┌─ Records for this task
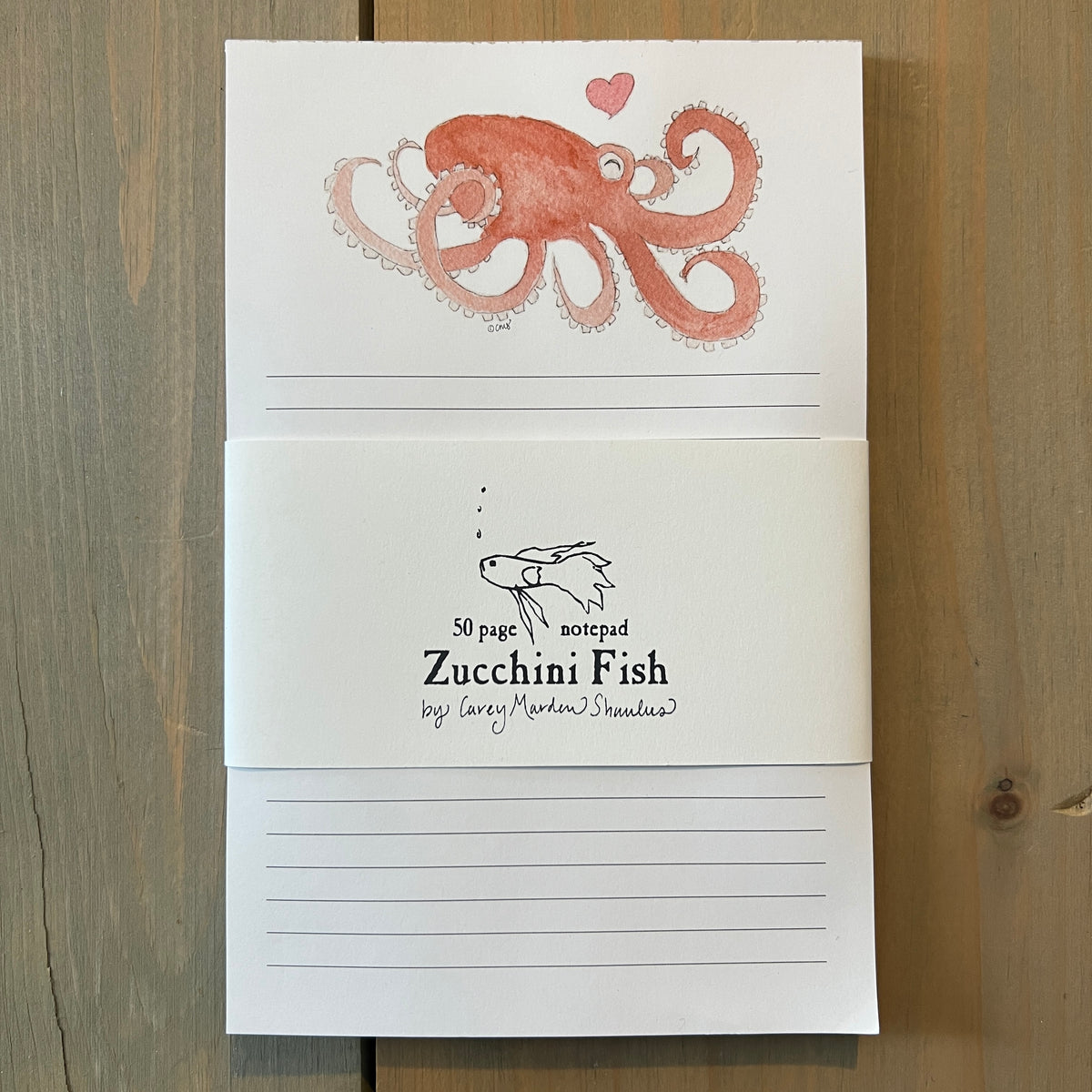 Octopus Love Notepad – Zucchini Fish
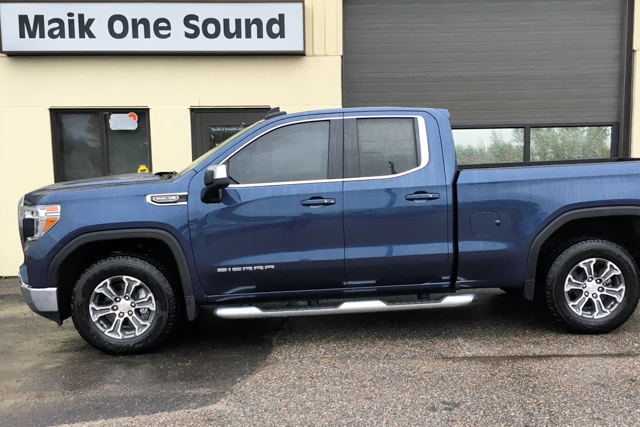 2019 GMC Sierra with professional window tint in North Bay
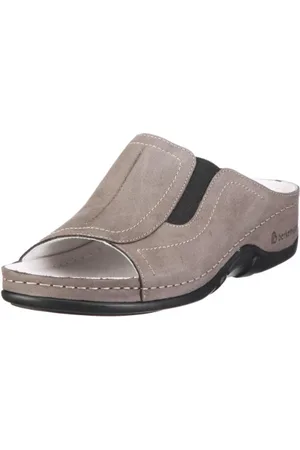 Berkemann Isabella 01105 damskie chodaki i klapki, Szary Stone 967, 42 EU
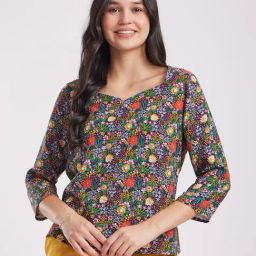 Fablestreet Multicolor Floral Print Top-41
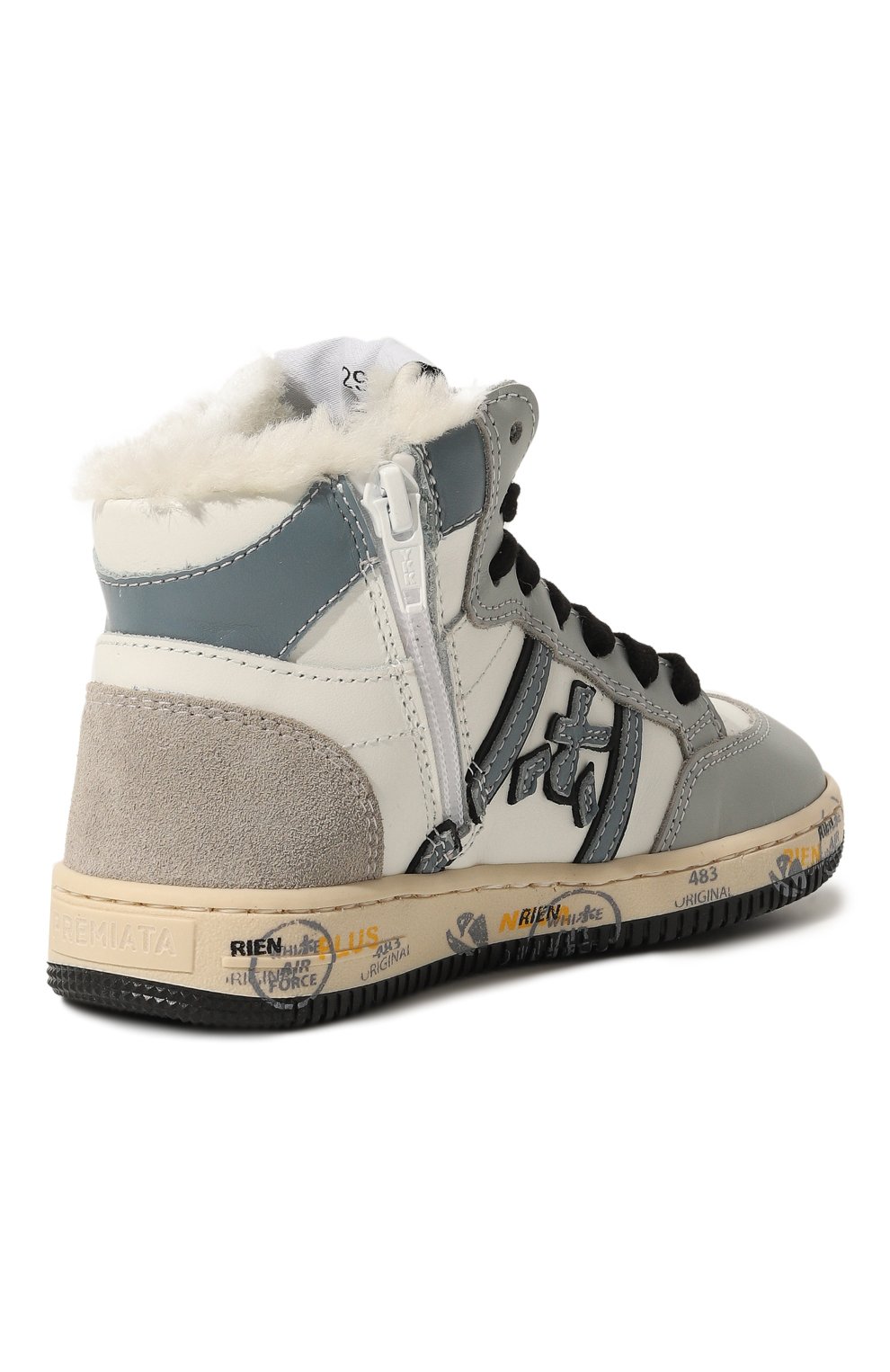 Кожаные кеды wally PREMIATA WILL BE, арт. 24M322410/WALLY HI M/27-35, фото 3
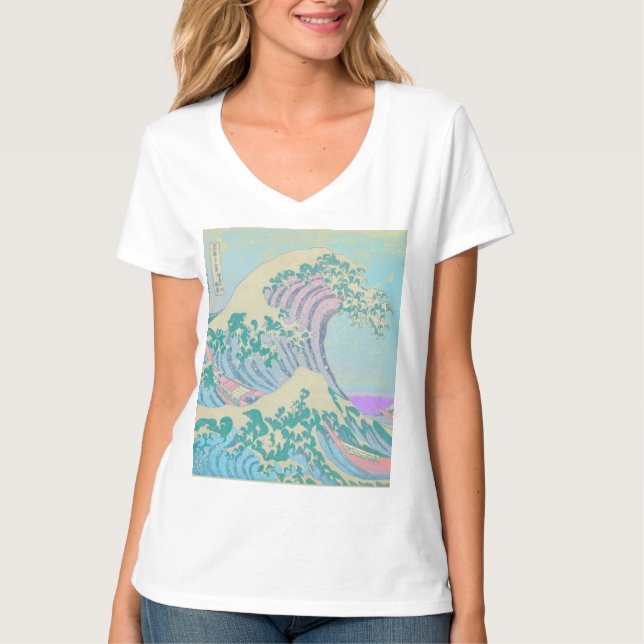 T-Shirt pastel Grande Vague (Devant)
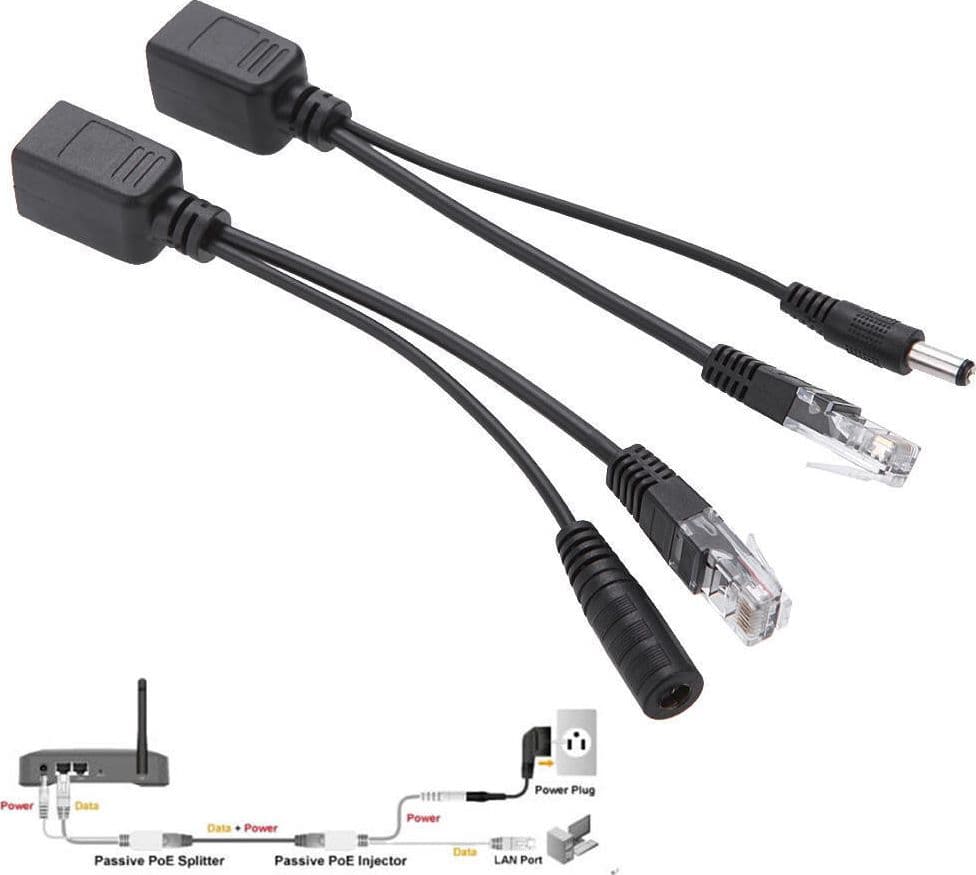 Kit cavi splitter POE passivo - 5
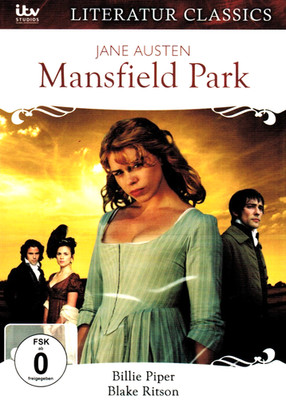 Jane Austen - Mansfield Park - Literatur Classics - DVD - Neu & Sealed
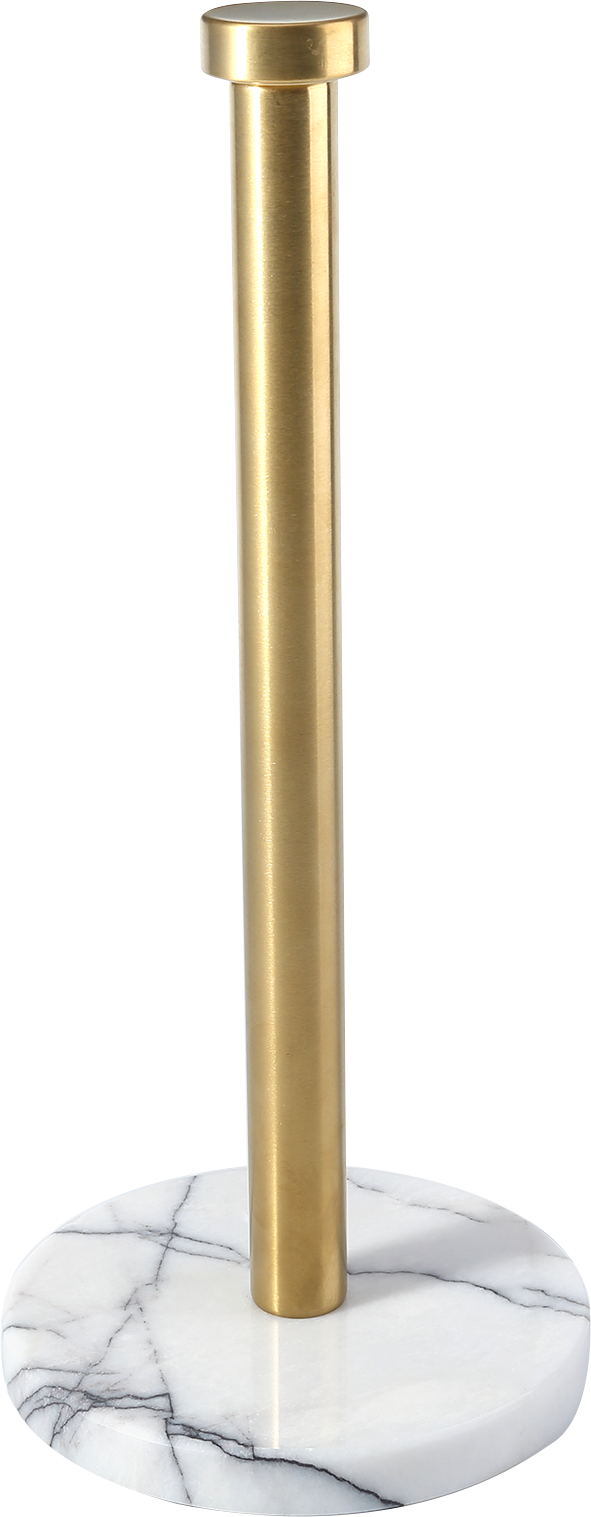 Koville purple paper towel holder in natural stone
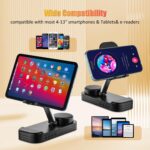 Wireless Bluetooth Speaker with Phone Stand, Cool Gadgets for Men, Birthday Gifts for Teen Boys, Portable Mobile Phone Holder Speaker, Features Anti-Slip Base and HD Surround Sound, Black - Image 5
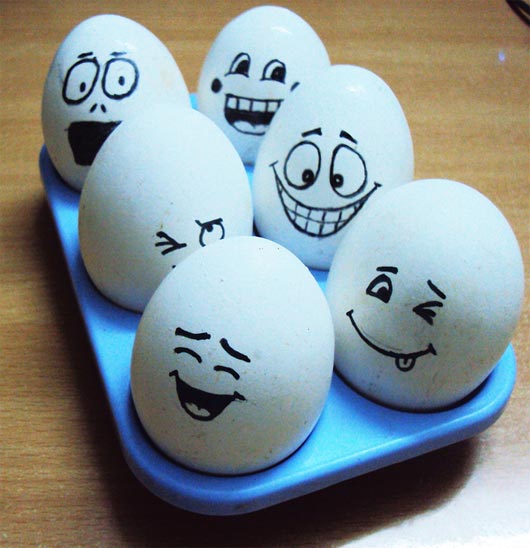 Smiley Faces Funny Eggs Picture For Whatsapp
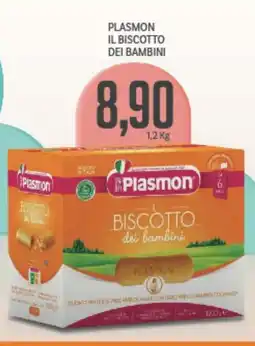 Supermercati Piccolo Plasmon il biscotto dei bambini offerta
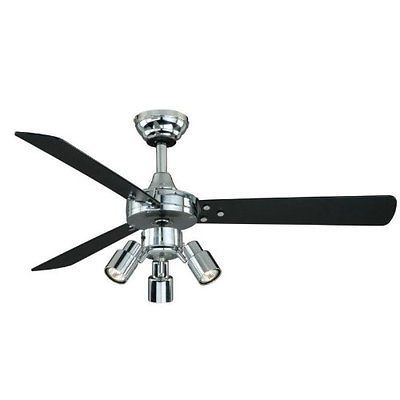 AireRyder F0003 Cyrus 42 Inch Ceiling Fan, Chrome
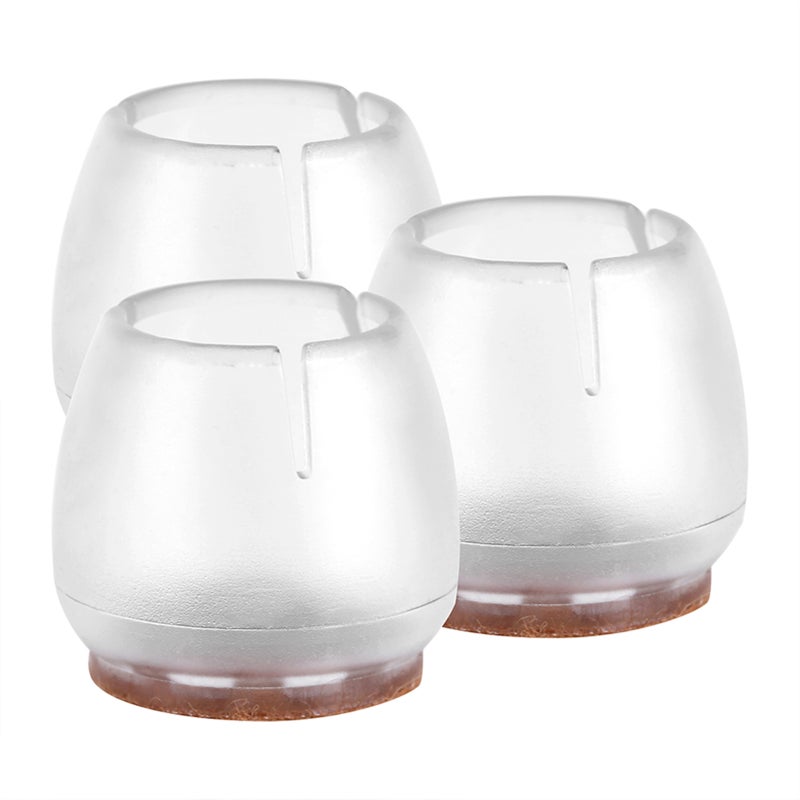 16Pcs Transparent PVC Table Chair Furniture Leg Non Slip Foot Cap Cups Cover Floor Protector M - Image 5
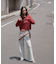 透かしあみ天竺短丈ニット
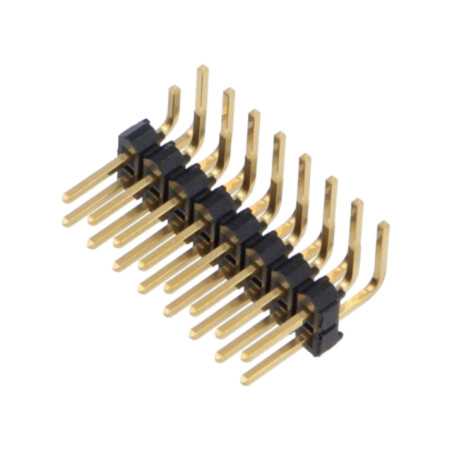 Conector: şiruri pini; şir pini; tată; PIN: 16; în unghi 90°; THT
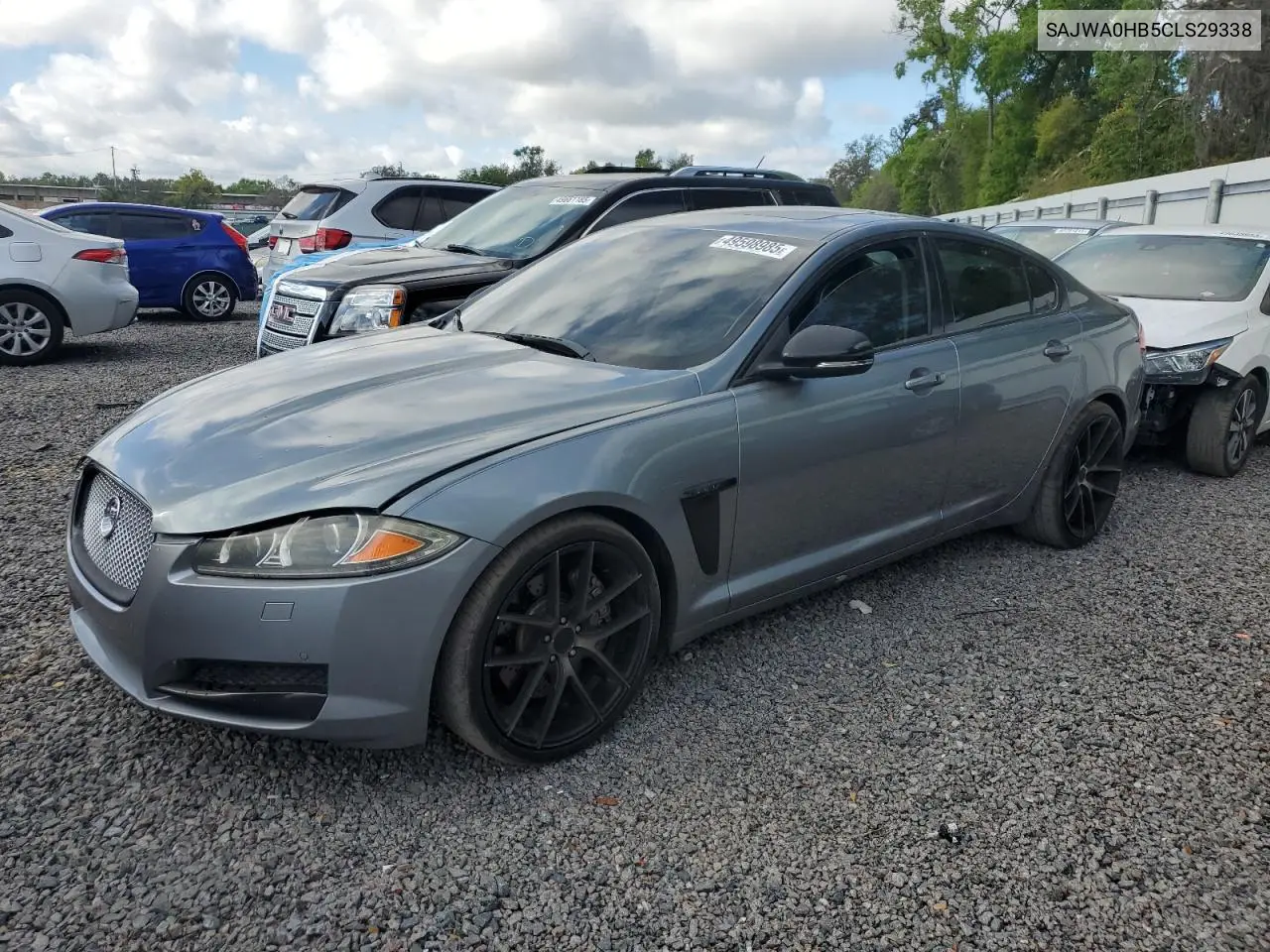 2012 Jaguar Xf Portfolio VIN: SAJWA0HB5CLS29338 Lot: 49598985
└─
▶ [Problem to solve]
Each record should be given again exactly, with no picture carried over.

▶ [Answer space]
 Octopus Love Notepad – Zucchini Fish
 2019 GMC Sierra with professional window tint in North Bay
 Berkemann Isabella 01105 damskie chodaki i klapki, Szary Stone 967, 42 EU
 Fablestreet Multicolor Floral Print Top-41
 Кожаные кеды wally PREMIATA WILL BE, арт. 24M322410/WALLY HI M/27-35, фото 3
 T-Shirt pastel Grande Vague (Devant)
 Kit cavi splitter POE passivo - 5
 Jane Austen - Mansfield Park - Literatur Classics - DVD - Neu & Sealed
 Koville purple paper towel holder in natural stone
 Wireless Bluetooth Speaker with Phone Stand, Cool Gadgets for Men, Birthday Gifts for Teen Boys, Portable Mobile Phone Holder Speaker, Features Anti-Slip Base and HD Surround Sound, Black - Image 5
 Smiley Faces Funny Eggs Picture For Whatsapp
 Supermercati Piccolo Plasmon il biscotto dei bambini offerta
 AireRyder F0003 Cyrus 42 Inch Ceiling Fan, Chrome
 16Pcs Transparent PVC Table Chair Furniture Leg Non Slip Foot Cap Cups Cover Floor Protector M - Image 5
 透かしあみ天竺短丈ニット
 Conector: şiruri pini; şir pini; tată; PIN: 16; în unghi 90°; THT
 2012 Jaguar Xf Portfolio VIN: SAJWA0HB5CLS29338 Lot: 49598985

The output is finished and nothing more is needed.